The Thanksgiving Turkey

“Something has worked in the past, until – well, it unexpectedly no longer does, and what we have learned from the past turns out to be at best irrelevant or false, at worst viciously misleading”
-Nassim Nicholas Taleb

In ‘The Black Swan’ Taleb introduces us to the Thanksgiving turkey. Every day the bird wakes and is provided with food, shelter and water by its human benefactors. It wants for nothing. As far as the turkey is concerned, this is what its life consists of. A pattern repeated daily, for months, it has no reason to believe that the future will be any different to the past.  Then a couple of weeks before Thanksgiving…

It’s not just turkeys who are susceptible to this problem. We all tend to ‘learn backwards’ as Taleb describes it.  We all assume that if something has repeated in the recent past it will continue to do so in the future.

This tendency to believe that what has occurred recently will keep happening is referred to as ‘recency bias’ in behavioural finance terms.

Recency bias permeates all aspects of our lives.  Consider anything with ‘The x greatest ever…’ in its title, where the list has been voted for by the general public, such as this one – the top 20 pop songs ‘of all time’ yet not one entry dates back further than the 1980s.

Another classic example is the tossing of a coin. A pattern of H H H H T T H T T H has the same probability of occurring as H H H H H H H H H H, yet in the case of the second pattern occurring we are much more likely to believe that the next coin toss will result in another heads.

To add insult to injury, once an outlier event occurs which we failed to foresee, we tend to believe it will happen again. Following the stock market crash of October 1987 many investors expected history to be repeated in subsequent Octobers.  There are investors who have been sitting in cash since the financial crisis in 2008/09 because they were convinced the market would plummet again. That’s an extremely costly mistake to have made.

When you bear in mind that 90% of all the data which exists in the world has been created in the last two years it’s no wonder that we find this behavioural trait so hard to keep in check.  Fortunately, as an investor, there are several steps you can take to mitigate its effects.

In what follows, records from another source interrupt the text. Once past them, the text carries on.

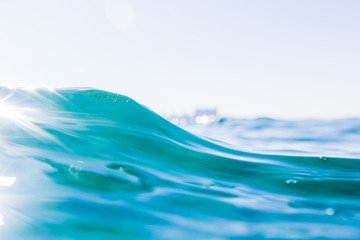 Obraz na płótnie Canvas Wave in ocean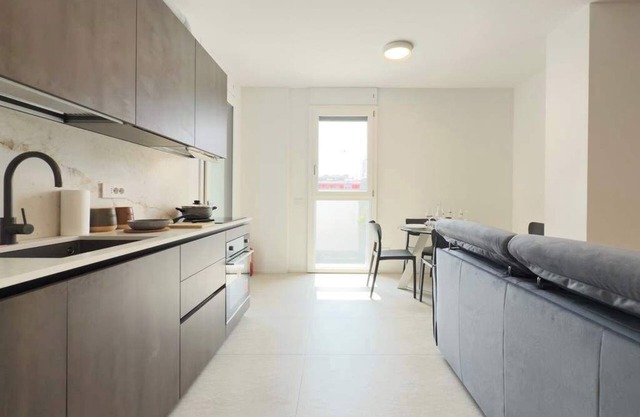 Casa Raffaele, modern design next to central station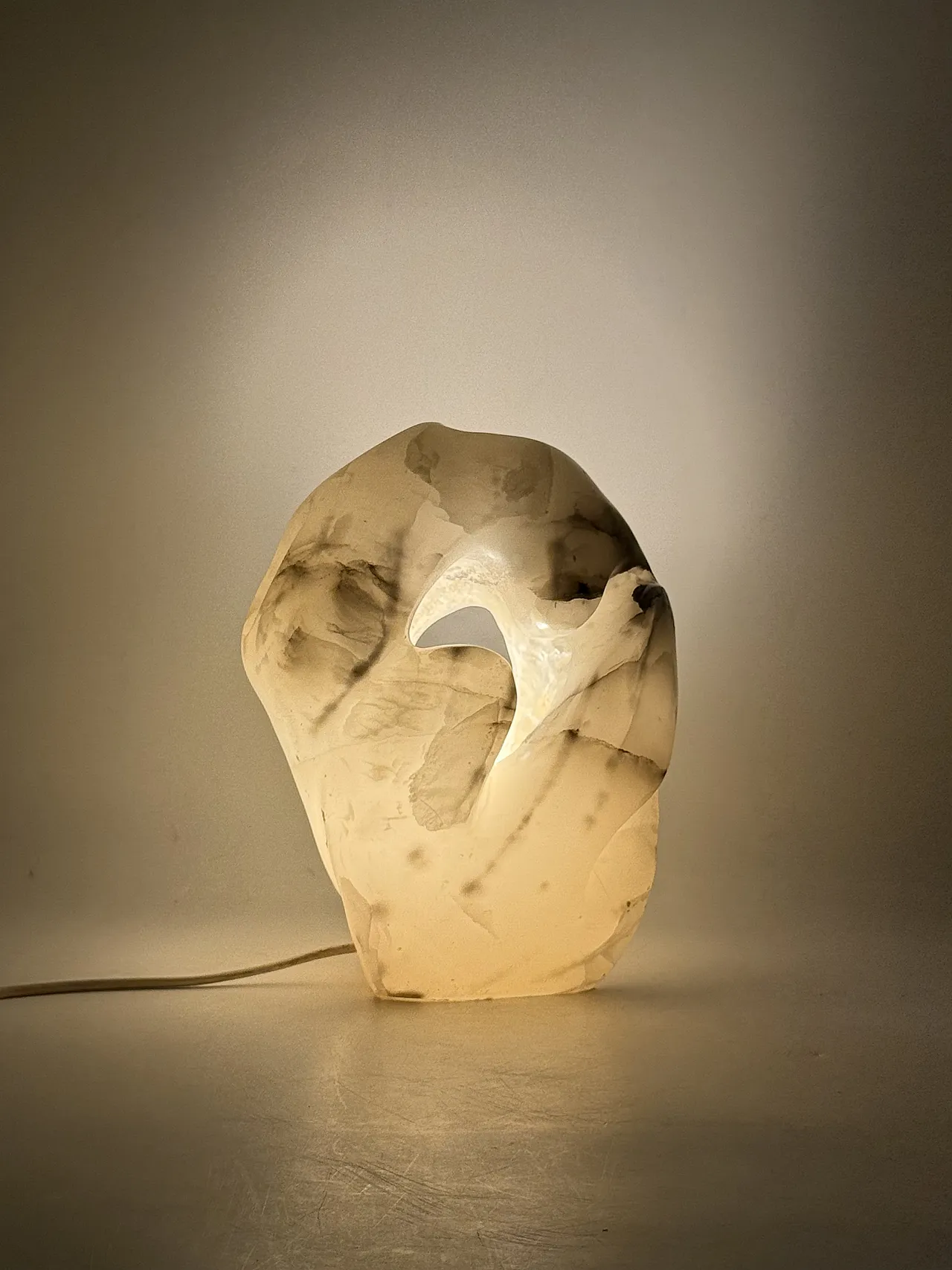 Sculptural alabaster table lamp, 1980s 14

Firstly, and most importantly, accept that there is no such thing as a pattern of returns when it comes to investing. Don’t believe me? I give you, Exhibit A:


Source: Callan Associates

As I have said many times before on this blog, diversification is your friend, and the only truly free lunch.  The market does not know how diversified (or not) you are, and it doesn’t care.

Actively seek out contrary opinions to your own. Recency bias is often accompanied by its good pal confirmation bias. Together they can be a lethal combination so try and avoid living in an echo chamber.

Ignore the soothsayers and market forecasters. They have a terrible track record and have no more idea of which way markets are headed than anyone else. If anyone ever truly discovers how to predict market movements in advance they won’t be sharing that information with you, they’ll be too busy getting rich.

Manage your portfolio using a robust, evidence-based process. Rebalance when it gets out of kilter (and make your rebalancing process rules based as well). This will force the discipline of banking profits from recent winners and reallocating capital to recent under-performers and will help you to avoid doing what most investors do which is to chase performance by continually buying yesterday’s winners.

If you don’t think you have either the necessary time, discipline or emotional detachment to do this yourself, consider working with a financial planner who will do this for you in the context of your financial plan. It may be money well spent.

“After seeing a movie that dramatizes nuclear war, they worried more about nuclear war; indeed, they felt that it was more likely to happen. The sheer volatility of people’s judgement of the odds–their sense of the odds could be changed by two hours in a movie theater–told you something about the reliability of the mechanism that judged those odds.”